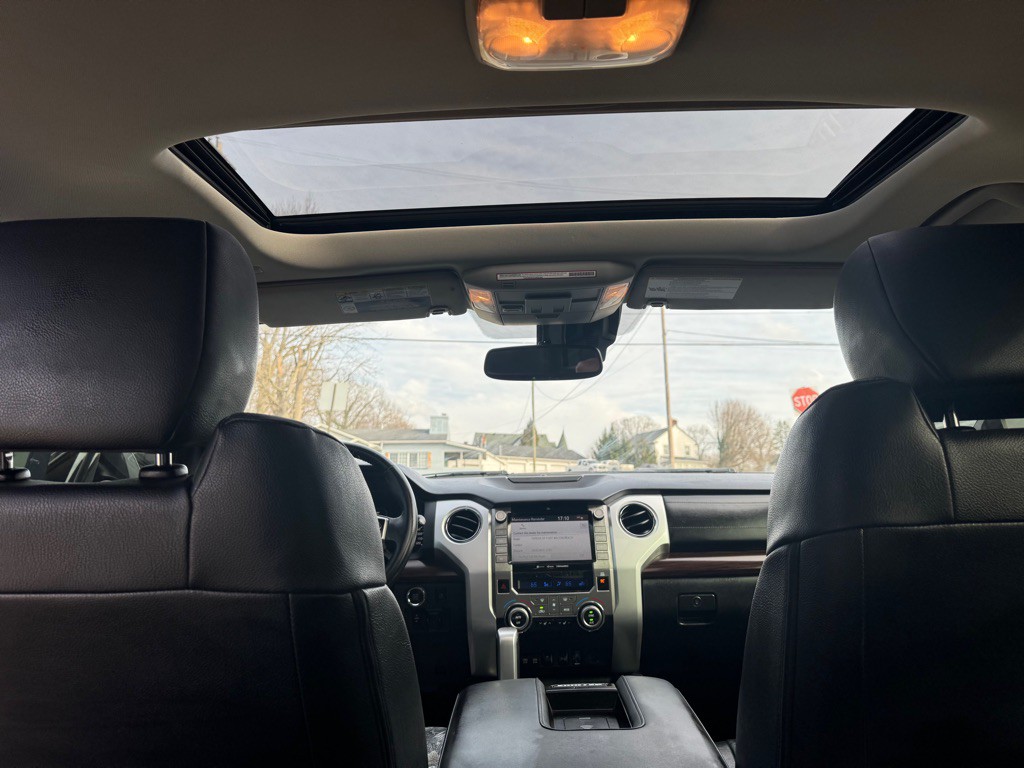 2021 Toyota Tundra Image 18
...
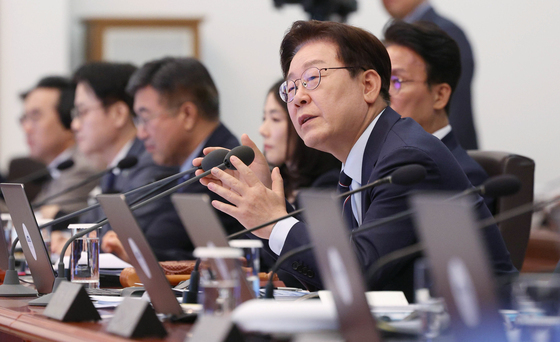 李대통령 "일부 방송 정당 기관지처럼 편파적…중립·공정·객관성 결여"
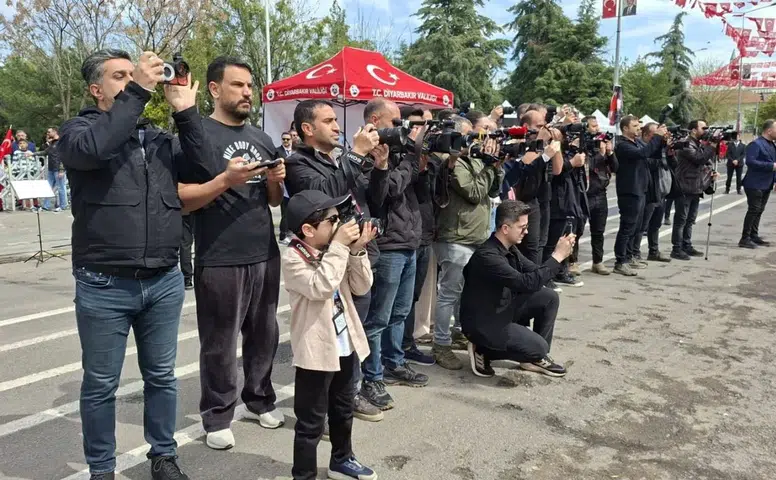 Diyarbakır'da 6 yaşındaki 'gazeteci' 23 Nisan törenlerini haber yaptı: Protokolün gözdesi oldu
==
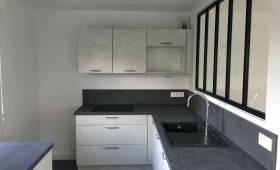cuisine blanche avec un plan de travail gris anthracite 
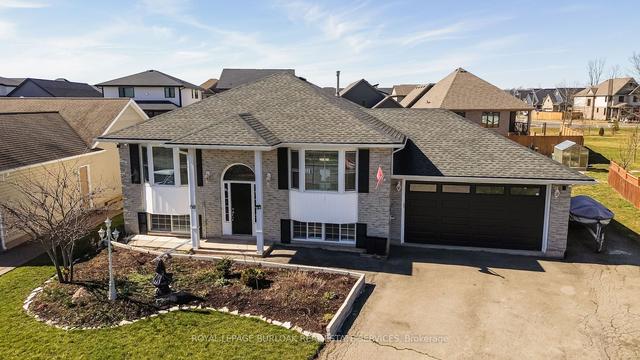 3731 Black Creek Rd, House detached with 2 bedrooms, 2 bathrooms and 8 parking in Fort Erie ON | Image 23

Required work ->
When you reach the line holding "방송 정당 기관지처럼" in the listing above, begin retyping exactly, and stop once the line holding "Diyarbakır'da 6 yaşındaki" is done; pictures stay out.

Written answer ->
 李대통령 "일부 방송 정당 기관지처럼 편파적…중립·공정·객관성 결여"
 Diyarbakır'da 6 yaşındaki 'gazeteci' 23 Nisan törenlerini haber yaptı: Protokolün gözdesi oldu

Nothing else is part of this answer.